Look below for the line with "Lagooncombe modern and"; begin the copy there and stop after the line with "ای فوتبال|کنسول، بازی", keeping the text exact and the pictures out.

**INFORMATION SHOWN**
———
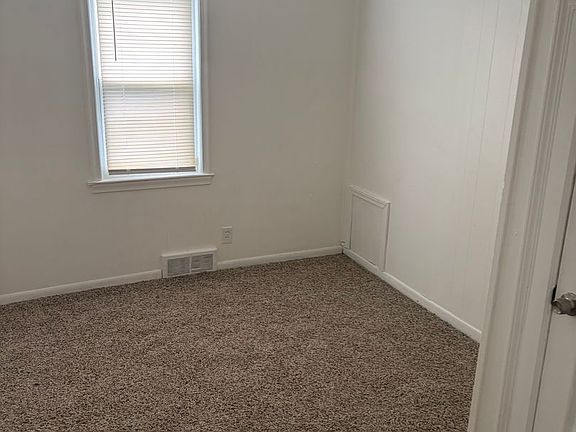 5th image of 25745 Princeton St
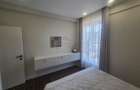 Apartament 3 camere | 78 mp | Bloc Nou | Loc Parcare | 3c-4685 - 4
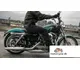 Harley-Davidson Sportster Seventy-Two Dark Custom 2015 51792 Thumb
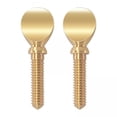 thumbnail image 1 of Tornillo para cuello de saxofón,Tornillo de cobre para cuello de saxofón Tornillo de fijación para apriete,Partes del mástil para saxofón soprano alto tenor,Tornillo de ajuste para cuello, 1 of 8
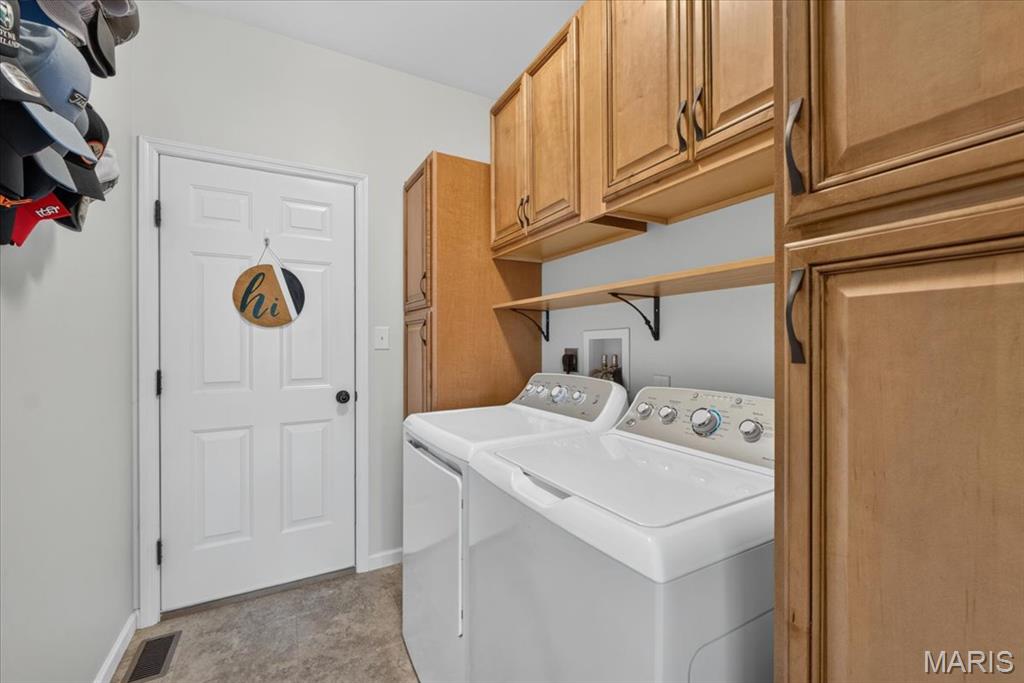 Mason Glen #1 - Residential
———
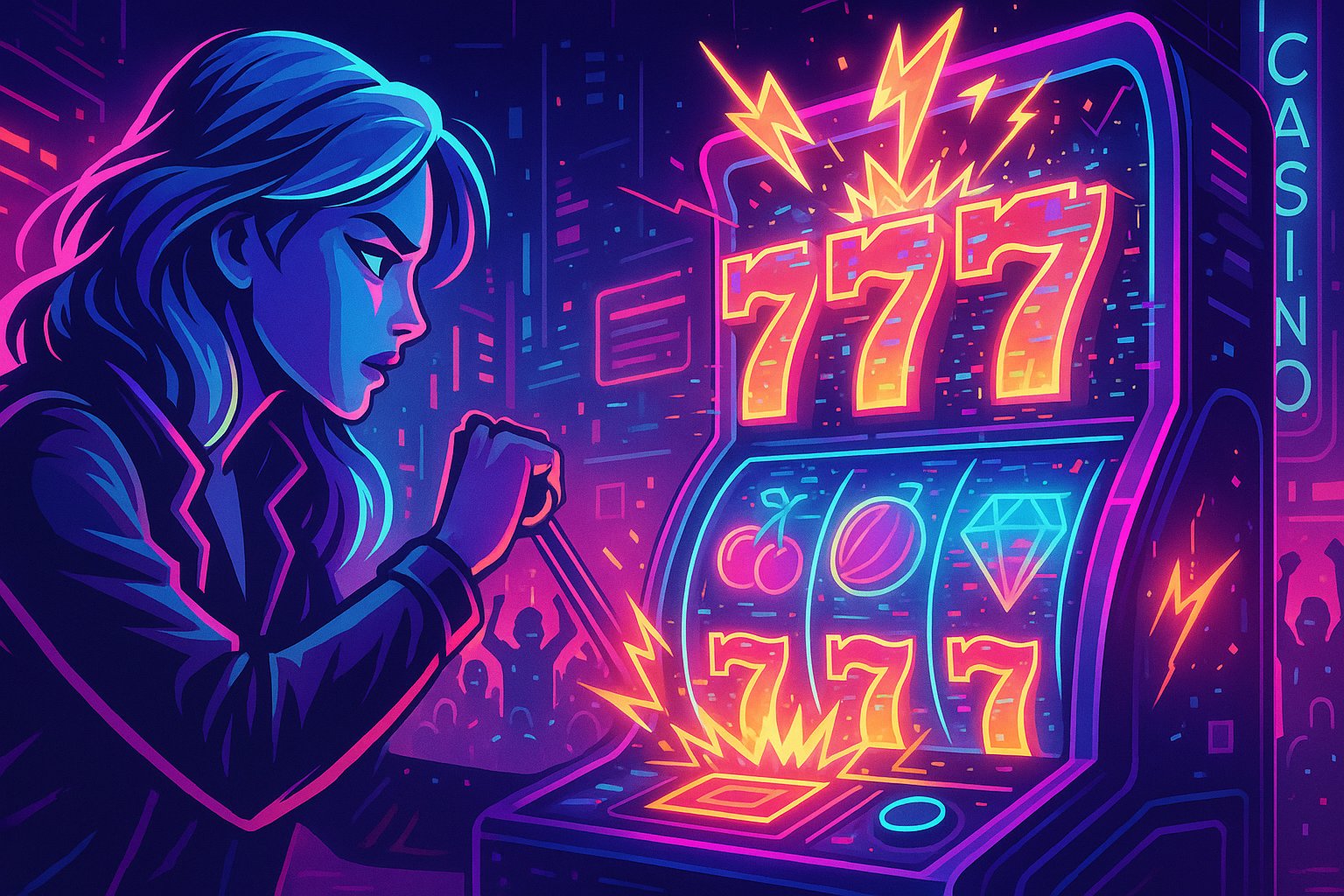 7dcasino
———
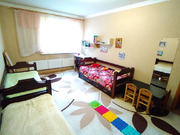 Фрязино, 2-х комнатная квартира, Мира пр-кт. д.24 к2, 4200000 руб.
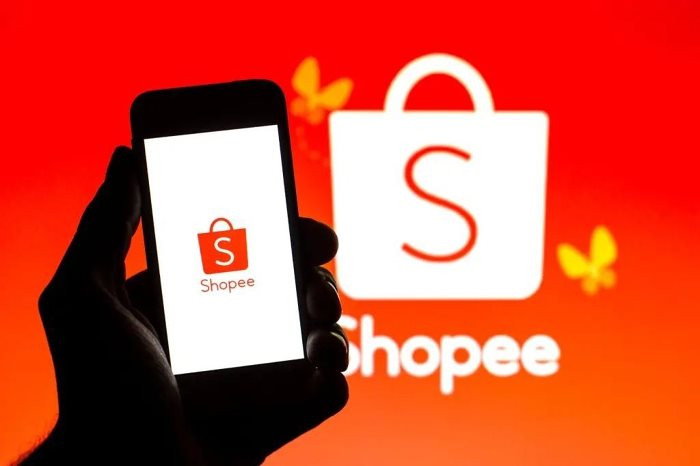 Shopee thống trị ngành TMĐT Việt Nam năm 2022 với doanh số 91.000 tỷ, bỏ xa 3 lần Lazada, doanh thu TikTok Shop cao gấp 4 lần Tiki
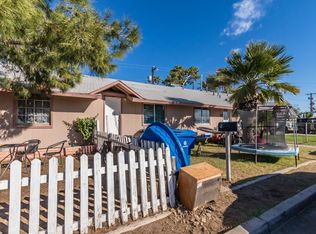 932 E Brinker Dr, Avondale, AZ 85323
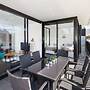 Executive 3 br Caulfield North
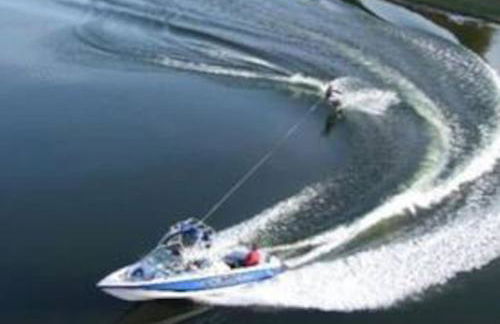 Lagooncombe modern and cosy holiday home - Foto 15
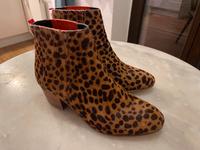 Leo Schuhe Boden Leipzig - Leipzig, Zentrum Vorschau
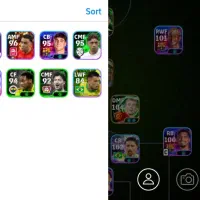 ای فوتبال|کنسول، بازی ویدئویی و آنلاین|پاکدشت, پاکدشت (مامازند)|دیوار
———
**OUTPUT OF THE TASK**
 Lagooncombe modern and cosy holiday home - Foto 15
 Leo Schuhe Boden Leipzig - Leipzig, Zentrum Vorschau
 ای فوتبال|کنسول، بازی ویدئویی و آنلاین|پاکدشت, پاکدشت (مامازند)|دیوار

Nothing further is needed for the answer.